In the figure below, if 𝑀𝐴 is
equal to 17.2 centimeters and 𝐴𝐵 is equal to 27.6 centimeters, find the length of
the line segment 𝑀𝐶 and the area of triangle 𝐴𝐷𝐵 to the nearest tenth.
Since 𝑀 is the center of the
circle and the line segment 𝑀𝐷 bisects the chord 𝐴𝐵 at 𝐶, we can apply the
chord bisector theorem. This states that if we have a
circle with center 𝑀 containing a chord 𝐴𝐵, then the straight line that passes
through 𝑀 and bisects 𝐴𝐵 is perpendicular to 𝐴𝐵. This means that the measure of
angle 𝑀𝐶𝐴 is 90 degrees. Since the chord 𝐴𝐵 has length
27.6 centimeters and we know that 𝐶 bisects this chord, 𝐴𝐶 is equal to 27.6
divided by two. This is equal to 13.8
We are also told that the radius
𝑀𝐴 is equal to 17.2 centimeters. We can therefore use the
Pythagorean theorem in the right triangle 𝑀𝐶𝐴 such that 𝑀𝐶 is equal to the
square root of 17.2 squared minus 13.8 squared. This is equal to 10.266 and so
on. And rounding to the nearest tenth,
the line segment 𝑀𝐶 is equal to 10.3 centimeters.
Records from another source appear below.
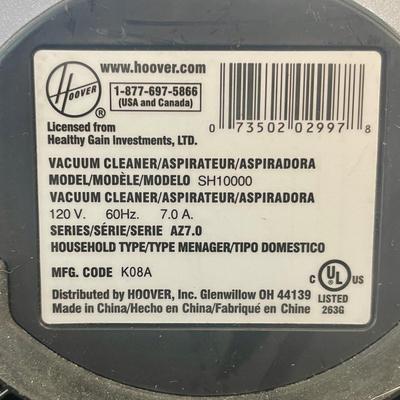 Hoover Hand-Held Portable Vacuum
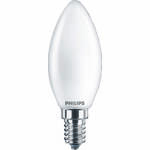 Philips E14 LED žarulja, 4,3W, 470lm, 2700K, toplo bijela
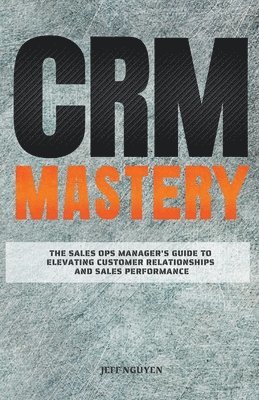 bokomslag CRM Mastery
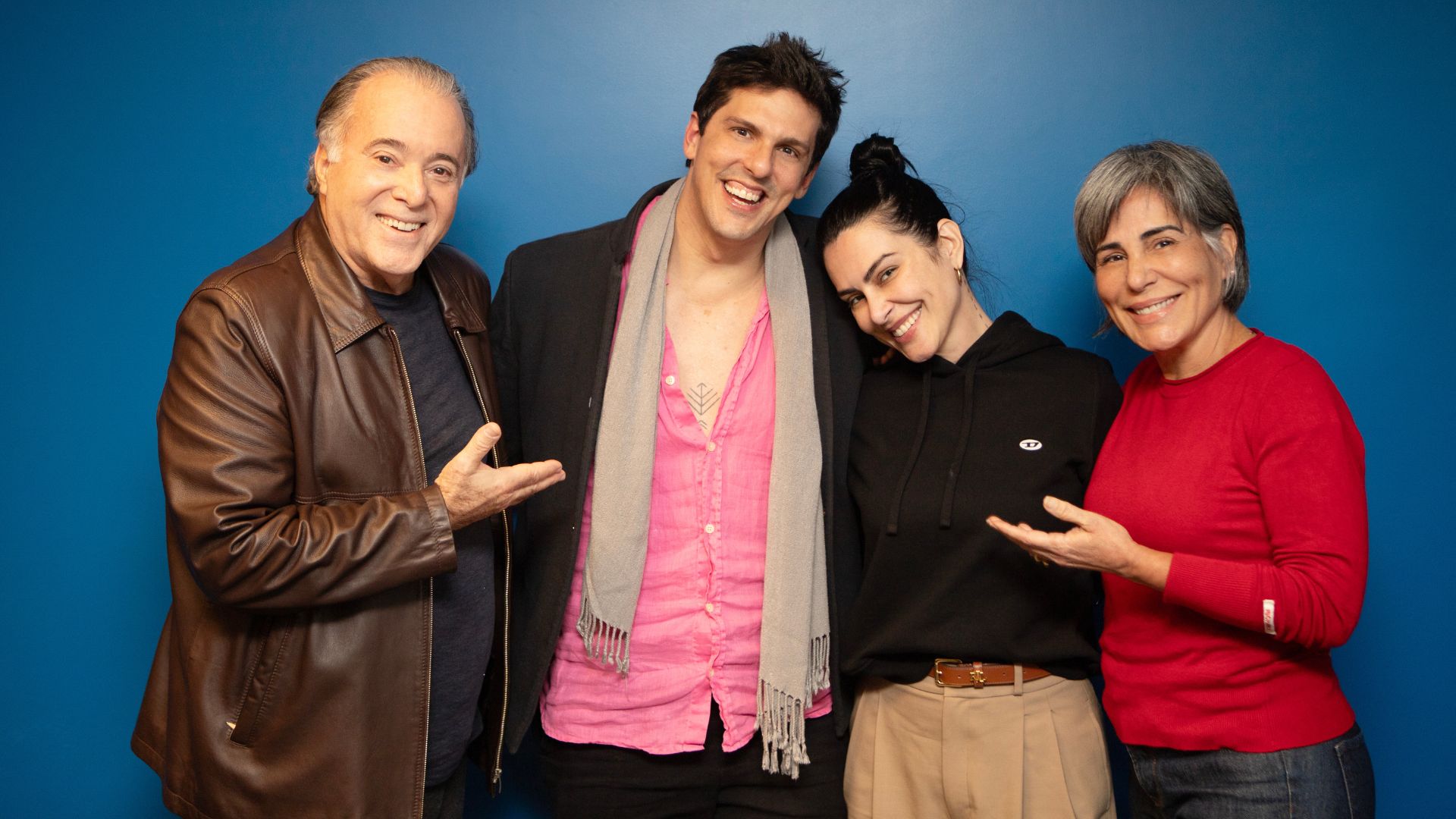 'Se Eu Fosse Você 3' inicia filmagens com retorno de Tony Ramos e Glória Pires; veja o teaser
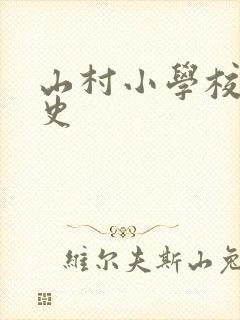 山村小学校长艳史
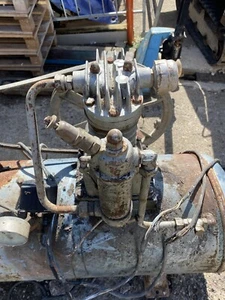 Motor Druckluft-Kompressor, 200Liter - Bild 1 von 5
The second part of our question
asks us to calculate the area of triangle 𝐴𝐷𝐵. Clearing some space, we recall that
the area of any triangle is equal to the length of its base multiplied by the length
of its perpendicular height divided by two. We know that the base of our
triangle 𝐴𝐵 is equal to 27.6 centimeters. The perpendicular height 𝐶𝐷 will
be equal to the length of 𝑀𝐷 minus the length of 𝑀𝐶. 𝑀𝐷 is the radius of the circle,
and we know this is equal to 17.2 centimeters. Whilst we could use 10.3
centimeters for 𝑀𝐶, it is better for accuracy to use the nonrounded version: 𝑀𝐶
is equal to 10.266 and so on. Subtracting this from 17.2, we see
that the length of 𝐶𝐷 is 6.933 and so on centimeters.
We can now calculate the area of
triangle 𝐴𝐷𝐵 by multiplying this by 27.6 centimeters and then dividing by
two. This is equal to 95.683 and so
on. Once again, we need to round to the
nearest tenth, giving us an answer of 95.7 square centimeters.